Keep your pet safe from a house fire


Protecting your pet from a house fire

Did you know that the National Fire Protection Association (NFPA) reports that more than 500,000 pets are affected by home fires each year? Here’s how to keep your pet safe.

Home fires are a real issue pet owners need to consider and address. National Pet Fire Safety Day is coming up on July 15th, and it’s a good opportunity to be informed of the precautionary measures you can take to protect your pets from dangerous home fires.

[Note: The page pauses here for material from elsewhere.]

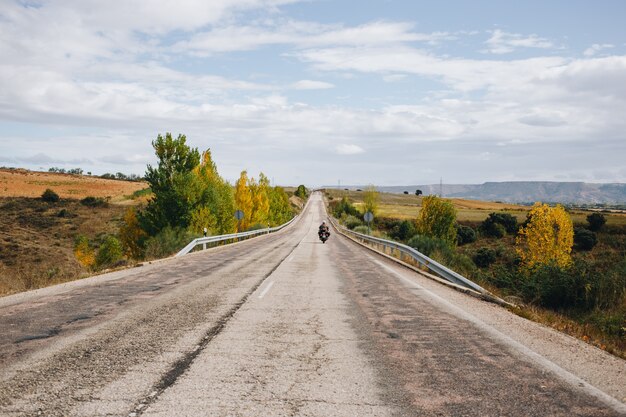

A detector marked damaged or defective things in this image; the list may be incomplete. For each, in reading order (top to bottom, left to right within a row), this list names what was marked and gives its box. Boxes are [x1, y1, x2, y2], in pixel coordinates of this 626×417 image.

cracked asphalt road [0, 193, 620, 414] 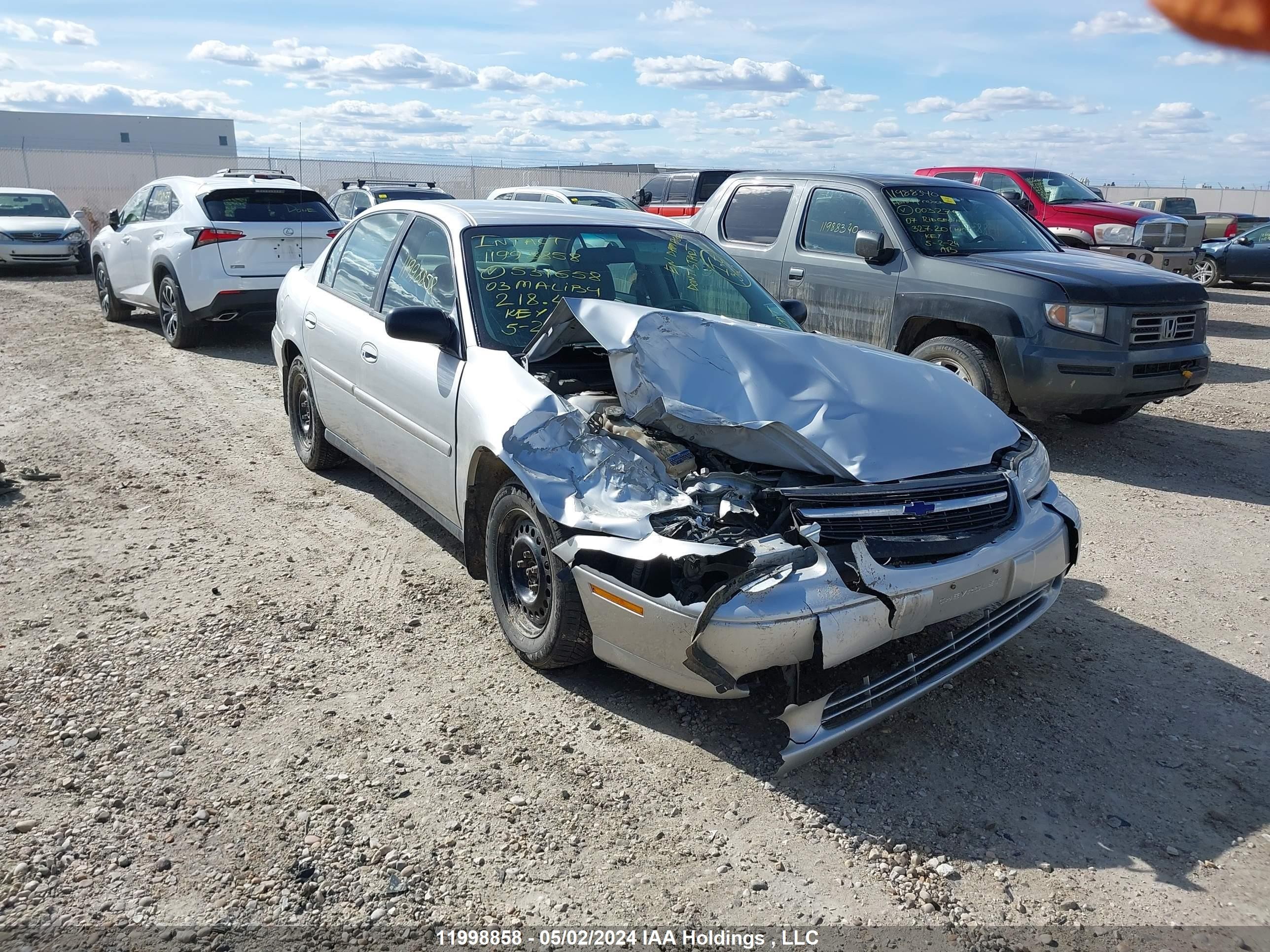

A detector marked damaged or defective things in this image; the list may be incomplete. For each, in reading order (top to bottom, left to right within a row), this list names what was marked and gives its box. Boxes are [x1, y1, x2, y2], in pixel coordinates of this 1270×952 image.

Below are a few tips from the safety experts at ADT that can help keep homes safe and protect pets from fire and other emergencies:

1. Don’t leave open flames unattended

Pets are curious and will investigate cooking appliances, candles, or even fires in your fireplace. In fact, the NFPA reports that 1,000 house fires each year are accidentally started by pets. It is important to ensure your pet is not left unattended around an open flame and to make sure fires are thoroughly extinguished. You should also pet proof your home by identifying risks such as stove knobs, loose wires and other potential hazards.

2. Enlist safety and security professionals

Since your pets are not able to let you know when something is amiss, consider a high-tech home security system like ADT Pulse that can send automated alerts to your smartphone if its in-home sensors detect danger. Plus, you can rest assured knowing that ADT is monitoring your home 24/7 for smoke, fire and carbon monoxide, and can dispatch officials in the case of an emergency.

3. Keep pets near entrances

When leaving pets home alone, it is important to keep them in an area near entrances where firefighters can easily find them. Similarly, young pets like puppies and kittens should be left comfortably in a crate to avoid the potential risks of chewing wires or other potential fire hazards while you are away.

4. Practice family escape routes

All families should practice how they will escape the home in the case of a fire under different situations. While running drills, be sure to discuss who is responsible for evacuating pets from the home. Remember, the safety of you and your family comes first and practice will help you think faster to get everyone out including your pets.

5. Inform emergency officials

Pet owners should post a notification near each of the entrances of the home that detail the number of animals located inside. Additionally, when speaking with officials and security experts over the phone, be sure to tell them if pets are within the home so they can notify the fire crew.